◆ Problem details ◆
Only the lines from the line containing "Ohio State Brutus Plush Bundle" to the end of the records, both included, belong in the answer, copied exactly.
++++ Data to process ++++
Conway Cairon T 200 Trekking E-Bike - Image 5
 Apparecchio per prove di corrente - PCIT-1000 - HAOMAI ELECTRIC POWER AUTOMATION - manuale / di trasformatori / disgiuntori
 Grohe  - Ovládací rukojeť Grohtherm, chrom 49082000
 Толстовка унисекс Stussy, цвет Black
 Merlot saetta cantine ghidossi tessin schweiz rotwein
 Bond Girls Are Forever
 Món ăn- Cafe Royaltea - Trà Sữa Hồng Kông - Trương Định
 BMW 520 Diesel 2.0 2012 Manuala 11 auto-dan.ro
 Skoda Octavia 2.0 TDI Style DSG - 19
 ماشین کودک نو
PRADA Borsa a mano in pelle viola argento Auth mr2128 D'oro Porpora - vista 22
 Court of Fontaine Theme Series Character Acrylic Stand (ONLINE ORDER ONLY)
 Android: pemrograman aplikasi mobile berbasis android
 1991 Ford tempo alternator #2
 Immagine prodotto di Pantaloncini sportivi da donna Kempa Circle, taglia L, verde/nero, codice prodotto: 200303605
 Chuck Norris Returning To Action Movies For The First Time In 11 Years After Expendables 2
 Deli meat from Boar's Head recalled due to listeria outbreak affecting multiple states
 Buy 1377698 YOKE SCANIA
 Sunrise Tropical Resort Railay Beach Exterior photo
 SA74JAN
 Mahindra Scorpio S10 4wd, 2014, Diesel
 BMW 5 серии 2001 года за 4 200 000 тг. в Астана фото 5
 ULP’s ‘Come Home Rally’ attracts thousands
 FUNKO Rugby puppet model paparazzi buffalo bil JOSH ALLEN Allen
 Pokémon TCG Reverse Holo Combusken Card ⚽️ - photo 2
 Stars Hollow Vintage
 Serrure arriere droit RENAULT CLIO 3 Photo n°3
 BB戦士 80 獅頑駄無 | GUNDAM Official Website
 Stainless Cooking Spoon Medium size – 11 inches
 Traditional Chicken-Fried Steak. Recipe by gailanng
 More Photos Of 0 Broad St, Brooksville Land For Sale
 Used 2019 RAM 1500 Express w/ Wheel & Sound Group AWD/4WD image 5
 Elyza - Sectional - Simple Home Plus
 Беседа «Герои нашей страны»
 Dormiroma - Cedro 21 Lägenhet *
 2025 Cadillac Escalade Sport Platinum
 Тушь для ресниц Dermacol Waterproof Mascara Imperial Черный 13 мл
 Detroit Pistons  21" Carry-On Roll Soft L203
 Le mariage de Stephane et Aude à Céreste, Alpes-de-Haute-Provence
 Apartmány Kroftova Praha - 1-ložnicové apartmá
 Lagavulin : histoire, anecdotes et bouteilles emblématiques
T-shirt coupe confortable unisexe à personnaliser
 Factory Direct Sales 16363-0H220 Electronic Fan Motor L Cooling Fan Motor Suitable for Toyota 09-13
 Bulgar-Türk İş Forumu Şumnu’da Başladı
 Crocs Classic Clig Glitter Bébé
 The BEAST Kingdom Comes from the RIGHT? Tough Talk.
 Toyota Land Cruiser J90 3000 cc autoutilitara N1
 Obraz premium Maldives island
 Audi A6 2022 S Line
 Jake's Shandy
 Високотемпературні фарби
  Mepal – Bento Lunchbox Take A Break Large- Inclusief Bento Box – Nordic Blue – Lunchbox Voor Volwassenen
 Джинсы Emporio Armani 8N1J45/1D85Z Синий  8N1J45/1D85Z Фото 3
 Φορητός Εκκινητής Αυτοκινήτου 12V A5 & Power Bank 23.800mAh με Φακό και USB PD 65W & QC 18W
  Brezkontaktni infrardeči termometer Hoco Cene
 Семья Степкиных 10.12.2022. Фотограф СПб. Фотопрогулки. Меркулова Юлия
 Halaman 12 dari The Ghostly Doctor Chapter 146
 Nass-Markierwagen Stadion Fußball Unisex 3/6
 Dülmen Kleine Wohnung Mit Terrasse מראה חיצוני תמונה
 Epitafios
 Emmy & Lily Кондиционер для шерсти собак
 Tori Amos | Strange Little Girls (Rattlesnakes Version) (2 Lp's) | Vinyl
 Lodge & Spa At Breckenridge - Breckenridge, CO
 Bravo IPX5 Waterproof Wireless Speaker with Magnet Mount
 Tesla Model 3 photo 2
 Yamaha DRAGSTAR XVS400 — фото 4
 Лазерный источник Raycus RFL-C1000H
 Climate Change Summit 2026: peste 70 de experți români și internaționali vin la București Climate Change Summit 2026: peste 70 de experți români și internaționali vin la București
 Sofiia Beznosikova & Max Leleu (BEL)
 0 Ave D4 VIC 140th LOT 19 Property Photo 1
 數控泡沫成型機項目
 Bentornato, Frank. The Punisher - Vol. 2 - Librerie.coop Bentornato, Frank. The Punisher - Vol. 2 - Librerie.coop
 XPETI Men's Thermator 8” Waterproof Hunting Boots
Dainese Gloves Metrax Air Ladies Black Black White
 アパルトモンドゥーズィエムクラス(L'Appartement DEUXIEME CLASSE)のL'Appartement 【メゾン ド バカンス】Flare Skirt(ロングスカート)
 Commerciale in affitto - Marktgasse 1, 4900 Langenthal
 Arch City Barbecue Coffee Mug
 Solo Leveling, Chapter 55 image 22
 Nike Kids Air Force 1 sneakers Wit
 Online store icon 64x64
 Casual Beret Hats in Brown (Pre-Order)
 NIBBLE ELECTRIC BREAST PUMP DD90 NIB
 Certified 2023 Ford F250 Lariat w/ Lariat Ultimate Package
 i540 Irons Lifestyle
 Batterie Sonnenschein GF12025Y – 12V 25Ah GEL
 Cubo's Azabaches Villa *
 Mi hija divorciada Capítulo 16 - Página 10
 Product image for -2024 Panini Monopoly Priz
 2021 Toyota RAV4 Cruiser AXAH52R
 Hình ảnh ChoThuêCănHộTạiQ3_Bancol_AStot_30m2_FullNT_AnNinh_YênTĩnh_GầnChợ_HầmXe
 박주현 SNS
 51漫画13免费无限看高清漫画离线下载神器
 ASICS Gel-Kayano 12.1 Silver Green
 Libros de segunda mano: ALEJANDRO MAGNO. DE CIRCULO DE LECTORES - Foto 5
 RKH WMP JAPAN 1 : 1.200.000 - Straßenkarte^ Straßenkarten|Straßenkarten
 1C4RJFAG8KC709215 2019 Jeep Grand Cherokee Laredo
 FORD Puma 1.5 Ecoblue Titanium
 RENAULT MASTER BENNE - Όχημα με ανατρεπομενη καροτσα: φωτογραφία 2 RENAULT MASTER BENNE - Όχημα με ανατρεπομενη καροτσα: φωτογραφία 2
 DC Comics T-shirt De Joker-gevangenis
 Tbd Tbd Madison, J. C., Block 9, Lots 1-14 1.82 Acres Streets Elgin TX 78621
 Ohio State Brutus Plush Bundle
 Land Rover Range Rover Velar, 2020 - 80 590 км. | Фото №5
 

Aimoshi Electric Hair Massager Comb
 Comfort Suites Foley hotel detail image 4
++++
◆ Response to the task ◆
 Ohio State Brutus Plush Bundle
 Land Rover Range Rover Velar, 2020 - 80 590 км. | Фото №5
 

Aimoshi Electric Hair Massager Comb
 Comfort Suites Foley hotel detail image 4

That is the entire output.